Revenu à des sentiments plus raisonnables, je pardonne — presque — aux négligents. Je pardonne aussi à la hideur de ce fauteuil depuis qu’une grande pièce de damas le recouvre. Et quand je m’installe entre les bras du monstre, la soie couleur de soleil, brochée d’argent couleur de lune, enveloppe mes laids vêtements de roumi, et jette sur ma triste jambe « le doux éclat de sa splendeur »…

C’est une jouissance que je n’avais pas appréciée, celle de manier, de faire chatoyer les belles étoffes somptueuses. Je « sens » maintenant ce luxe arabe, un peu barbare, des damas et des satins qu’on déploie, telle une nappe, avant de poser sur le sol les chairs fumantes du repas, — et dont on orne le fond de la tente, — et dont on couvre la selle du cheval. Les étendards des fêtes guerrières, des combats où le sang coule, sont faits des mêmes opulentes trames. Et quand le musulman vainqueur cherche la griserie des heures amoureuses, il les trouve encore, ces tissus de lourde souplesse, sous ses doigts crispés. Il les froisse, comme on saccage les grappes de la vigne symbolique, dans l’épithalame — et le glissement de leurs plis bruit comme un léger soupir…

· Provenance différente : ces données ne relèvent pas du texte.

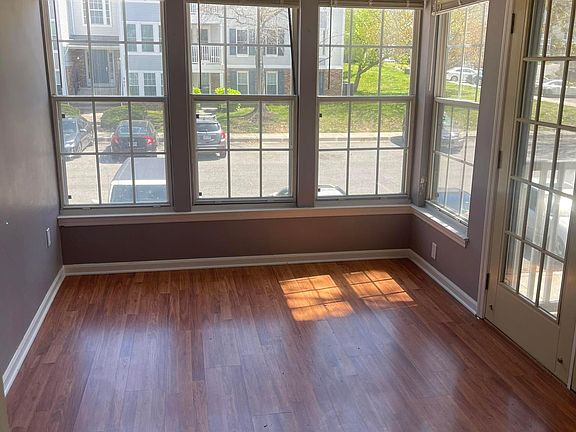 3rd image of 909 Woodbridge Ct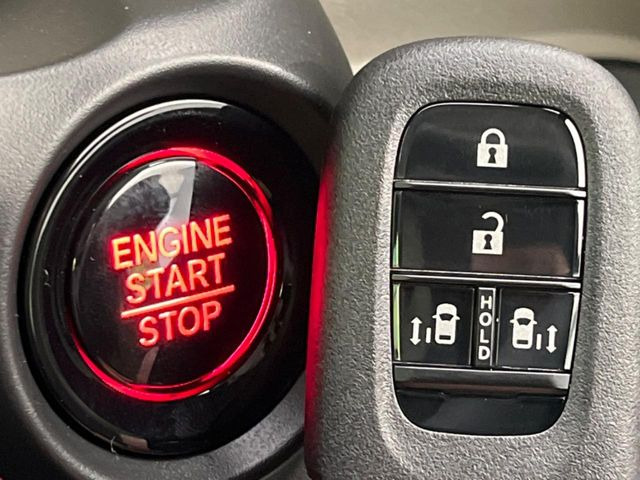 【Hondaスマートキー】カバンやポケットに入れたままでもドアの施錠・解錠が可能なスマートキーを装備。エンジンのオン・オフ時もカギを取り出す必要が無いからとっても便利です♪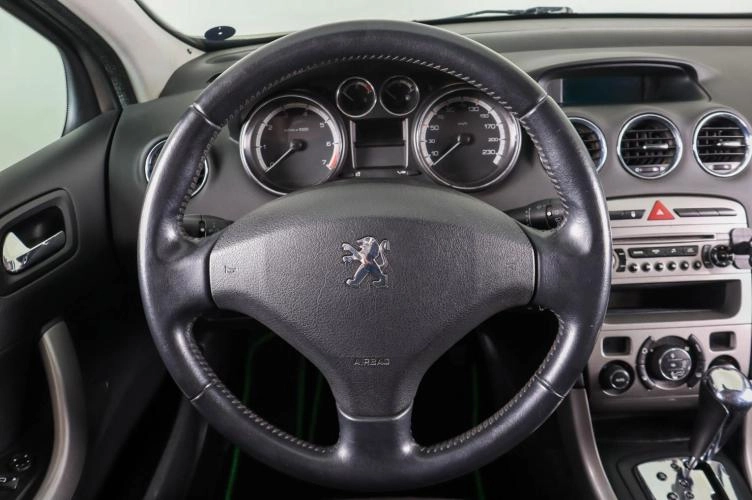 Peugeot 308 15 из 21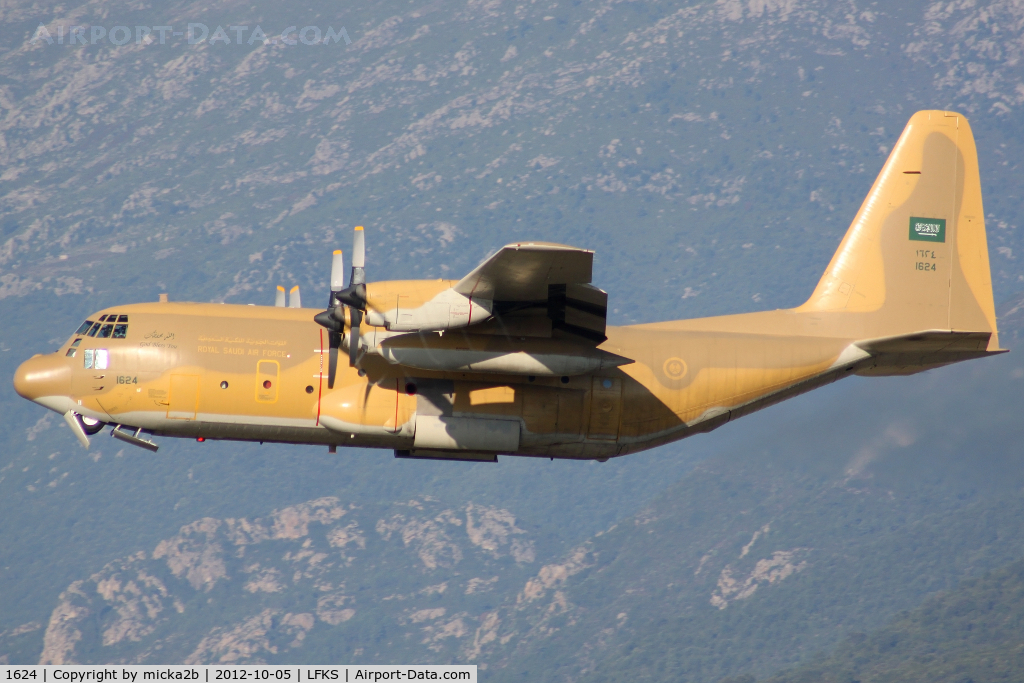 1624, Lockheed C-130H Hercules C/N 382-5267, Take off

Elle se drape sans doute en ces merveilles tissées, Lella Zorah, « première » épouse du chériff absent, qui m’envoya tout à l’heure, avec des vœux pour ma santé, cette cassolette de benjoin. La résine odorante fume sur les braises dans le petit vase en terre vernie. Sa spirale lente et bleuâtre m’apporte le salut d’une âme secrète, d’une Saharienne de race noble, grande dame du désert, qui doit avoir été très belle et garde encore des traces émouvantes de cette beauté. Du moins je me l’imagine ainsi. Car je n’en verrai jamais, jamais, de celles pour qui les chériffs réservent le nom d’épouses. La fraîcheur de leurs joues délicates, la pâleur de leurs fronts pensifs, le velours de leurs yeux noirs resteront inconnus pour moi, énigme irritante et frôlante que je saurai là tout près, derrière les portes mystérieuses de la zaouïa aux mille détours. Et toutes, compagnes du Maître, et de ses fils, et de ses frères, et de ses principaux disciples, — et les blanches concubines, — et les amantes-esclaves, — toutes, elles me sauront là aussi, roumi démoniaque, dangereux. A travers les fentes des volets ou les meurtrières des murailles, elles me regarderont. Elles chuchoteront. Elles se confieront des choses ingénument indécentes dont elles garderont le secret. Et mon cœur ignorera toujours sa propre vertu, puisque l’épreuve lui sera refusée de lutter contre tant de sourires assemblés.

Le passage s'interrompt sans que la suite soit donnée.